North Carolina Pasquotank County District Attorney R. Andrew Womble stated Tuesday that the shooting of Andrew Brown Jr. during an encounter with law enforcement last month was “justified” as he discussed the results of an independent investigation conducted by the North Carolina State Bureau of Investigation.
Womble added that the three deputies involved in the incident who fired their weapons will not face charges. “While tragic, the shooting of Mr. Brown was justified due to his actions,” Womble said.
As reported by CNN, “Brown was shot twice, including once in the back of the head, by Pasquotank County sheriff’s deputies in Elizabeth City, North Carolina, on April 21 when they attempted to serve two felony warrants and a search warrant, Womble said. Four body-camera videos shown to the public for the first time showed the entirety of the incident, which lasts 44 seconds from the time officers exit their vehicle to the time Brown is removed from his.”
The videos show that uniformed law enforcement officers arrived in a marked police truck to arrest Brown and surrounded him as he sat inside his vehicle.
They ordered him to stop the car, Womble said, but Brown instead reversed his car into a corner, pulling a deputy who was trying to open the car door off his feet. Brown then accelerated forward in his attempt to flee, forcing the deputy to jump out of the way, the videos show.
After Brown’s vehicle drove toward the deputy, a sergeant on scene then fired into the front window, the videos show. The car continued forward, and officers fired several more shots at Brown from the side and through the back windshield, he said. Brown’s vehicle accelerated across a vacant lot and drove at another officer sitting in an unmarked police vehicle, which accelerated to avoid a collision, Womble said.
Brown’s vehicle finally came to a rest against a tree, and the officers removed Brown and called for emergency services, he said.
Womble said Brown’s driving constituted a threat and justified the officers’ decision to shoot at him. He also offered an expansive interpretation of what officers are legally allowed to do.
”When you employ a car in a way that puts officers’ lives in danger, that is a threat,” Womble said. “And I don’t care what direction you’re going, forward, backwards, sideways. I don’t care if you’re stationary, and neither do our courts.”
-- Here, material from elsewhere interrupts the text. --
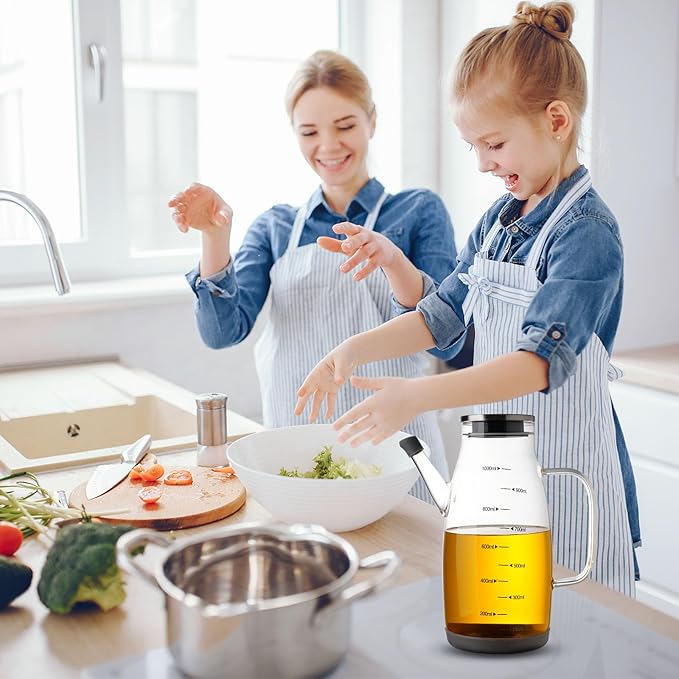 Large Glass Oil Dispenser Bottle for Kitchen Cooking Recipiente Para Aceite De Cocina Olive Oil Vinegar Dispenser Cruet Stainless Steel Lid No Drip Liquid Container (Clear, 34oz /1000ml)-Ruum Studio Home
“The deputies faced both actual and apparent danger as perceived by them on the scene,” Womble said. “This apparent threat was reinforced by Brown’s dangerous and felonious use of a deadly weapon. As tragic as this incident is with the loss of life, the deputies on scene were nonetheless justified in defending themselves from death or great bodily injury.”
He added, “There is insufficient evidence beyond a reasonable doubt to show that any of the deputies acted in a manner that was inconsistent with their perception of an apparent threat.”
“Once a threat is perceived … and the officers fire the first shot, if the first shot is justified, the last shot is justified until the threat is extinguished,” Womble said.
Attorneys for Brown’s family have been vocal about the shooting and spoke out last month about the clip from body camera footage they were able to view at the time. Wayne Kendall, one of the lawyers, said, “This, in fact, was a fatal wound to the back of Mr. Brown’s head as he was leaving the site trying to evade being shot at by these particular law enforcement officers that we believe did nothing but a straight-up execution.”
Brown family attorney Bakari Sellers said in a statement to CNN that the attorneys will be filing a petition to put out all of the body camera footage and State Bureau of Investigation (SBI) report. He also said the video did not demonstrate Brown using his vehicle as a weapon and made the argument that Womble did not explain the shot to the back of Brown’s head in an adequate way.